Mc 10, 35 – 45
A carreira cristã é tão promissora por si mesma que
não precisaria de competições, a não ser aquela da pratica do bem. Vejamos quem
faz o melhor ao seu semelhante, sem olhar a quem, sem alardes, sem
merchandising, sem que a mão esquerda o saiba (Cf. Mt 6, 3).

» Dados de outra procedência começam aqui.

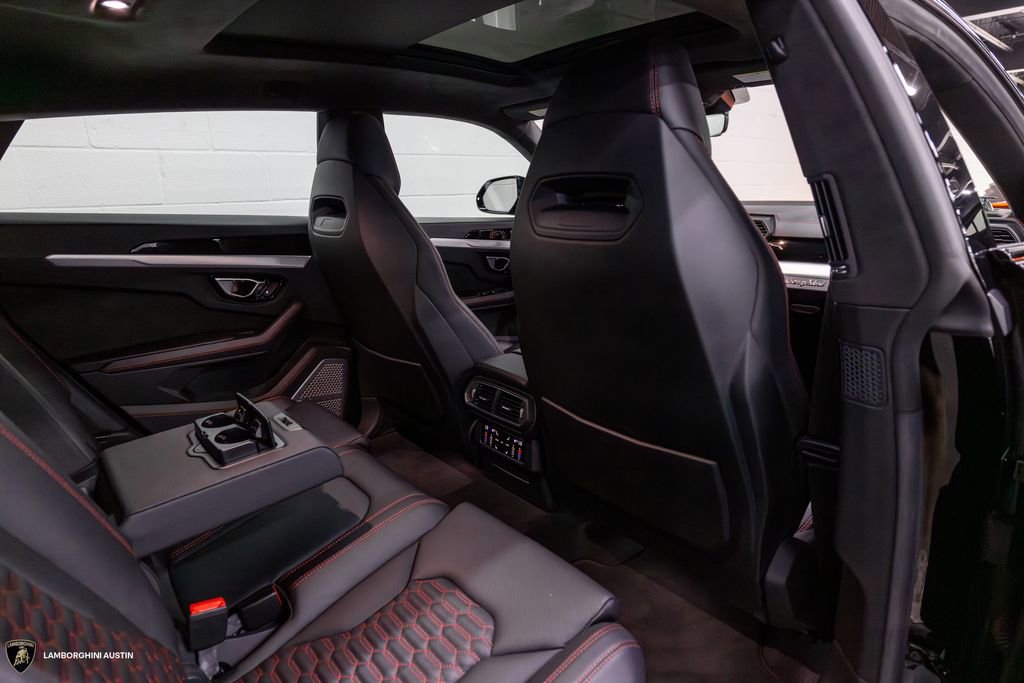 Used 2019 Lamborghini Urus AWD/4WD image 40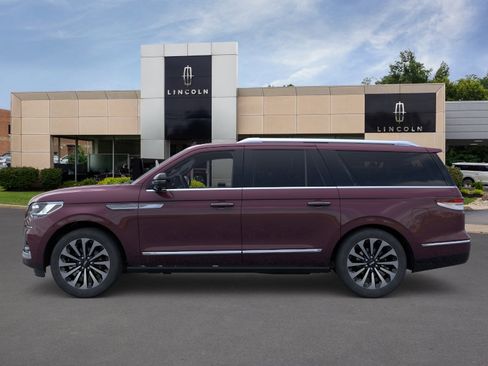 New 2024 Lincoln Navigator L Reserve AWD/4WD image 4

Se o bem cristão, que é feito ao semelhante, vênia ao
bom samaritano, não é algo do que ostentar-se imagine o bem a si mesmo! Seguir
a Cristo para ufanar-se da condição de discípulo, ou das facilidades sociais da
fé em comunidade, ou mesmo usar da piedade alheia, da credulidade ingênua de
algum fiel, para privilégios e vantagens frente aos menos favorecidos não seria
incorrer nesta perícope?
Acredito que aqui também se enquadre uma reflexão
sobre as vantagens sociais e políticas na comunidade, as facilitações perante
as necessidades pessoais ou institucionais, desde que se busque o mérito do
título e a exaltação do ser de Cristo, como se fosse algo do que tirar
vantagens. Nós mascaramos demais nossa autoridade religiosa perante a sociedade
encurtando caminhos burocráticos, gastando nomes e comprometendo pessoas. O
tirânico de tudo isso ainda reside no fato de, posteriormente, ainda assim nos
apresentarmos inimputáveis e livres de qualquer demérito. Aqueles que nos fazem
favores ainda escutam nossos sermões ‘proféticos’ e ‘imparciais’ sobre
corrupção, cumplicidade e obscuridade econômica.

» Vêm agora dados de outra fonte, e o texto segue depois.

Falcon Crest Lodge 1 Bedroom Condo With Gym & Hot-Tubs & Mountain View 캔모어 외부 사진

35 Tiago e João, filhos de Zebedeu, foram a Jesus e lhe
disseram: “Mestre, queremos que faças por nós o que vamos pedir”. 36 Ele
perguntou: “O que quereis que eu vos faça?” 37 Eles responderam: Deixa-nos
sentar um à tua direita e outro à tua esquerda, quando estiveres na tua
glória!”
Esta situação é deveras curiosa. Não temos como saber
a real intenção desses apóstolos. Até aqui Jesus não os critica. Apenas os questionará
sobre essa possibilidade. Esse pedido pode estar carregado de um zelo e amor em
codividir o peso da responsabilidade em solidariedade ao que veem Ele passar.

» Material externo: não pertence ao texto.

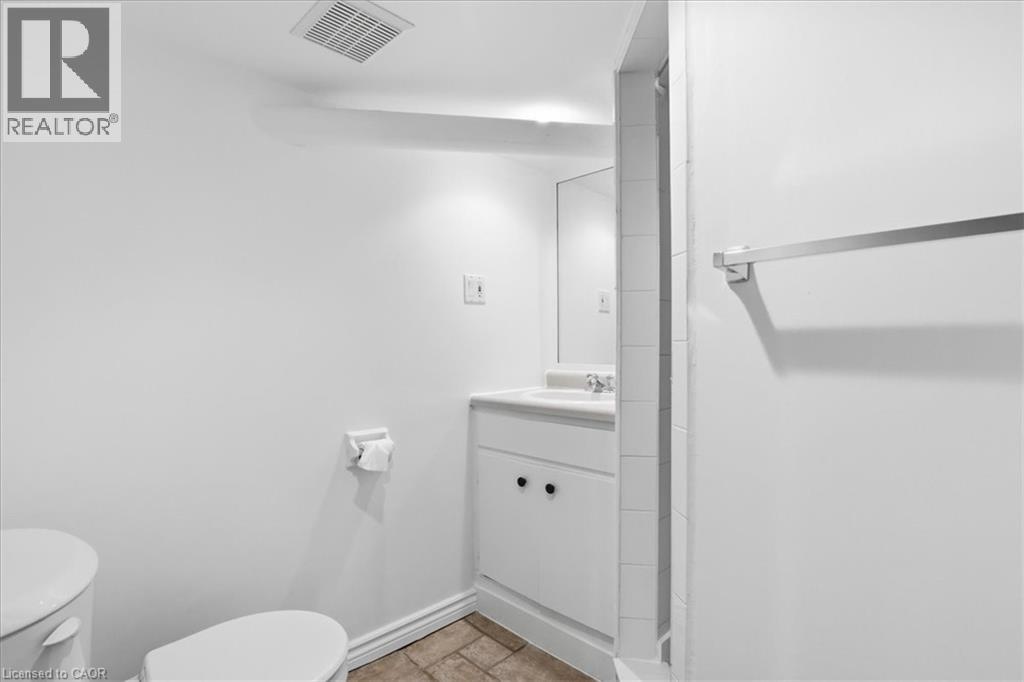 31 Bingeman Street, Kitchener, Ontario  N2H 2R7 - Photo 22 - 40815016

Por isso a assertiva da resposta: “Vós não sabeis o que pedis. Por acaso podeis
beber o cálice que eu vou beber? Podeis ser batizados com o batismo com que eu
devo ser batizado?” Jesus questiona se estão de fato dispostos às consequências
de um tal pedido.
Em agosto de 2004, quando estive no interior da Basílica
de S. João do Latrão, em Roma, tive a sorte de conhecer uma freira brasileira que
me mostrou a caixa onde está a túnica de S. João apóstolo. Ela falava dele como
mártir, pois tinha sido fervido em azeite, de onde saiu ileso. Porém permaneceria
na ilha-prisão de Patmos, na Grécia, onde escreveu o seu evangelho e o
Apocalipse. Segundo ela S. João terminara seus dias muito respeitado pelos
demais presidiários, inclusive pelos soldados.
Já o seu irmão, Tiago Maior, não teve a mesma sorte.
Por volta do o ano 44, sendo o primeiro bispo de Jerusalém, foi perseguido e
acusado de ser cristão. Seu acusador se converte diante do seu testemunho, o
que o leva à decapitação, sob o governo de Herodes Agripa I, amigo do imperador Calígula.
Estes são relatos de como o cálice de Cristo
transborda e é derramado (Mt 26, 28); uma vez batizado nas águas no Jordão, Cristo
ainda receberia outro batismo para unir a si aqueles que sem as águas se
purificariam no ritual incruento do martírio, em rios de sangue. É por isso que
esses apóstolos responderão: “Podemos.” Referindo-se à mesma sorte do seu
mestre. E sem demora Jesus lhes confirma tal sorte: “Vós bebereis o cálice que
eu devo beber, e sereis batizados com o batismo que eu devo ser batizado.”
Notemos, todavia, que isto ainda não diz respeito ao tão almejado lugar.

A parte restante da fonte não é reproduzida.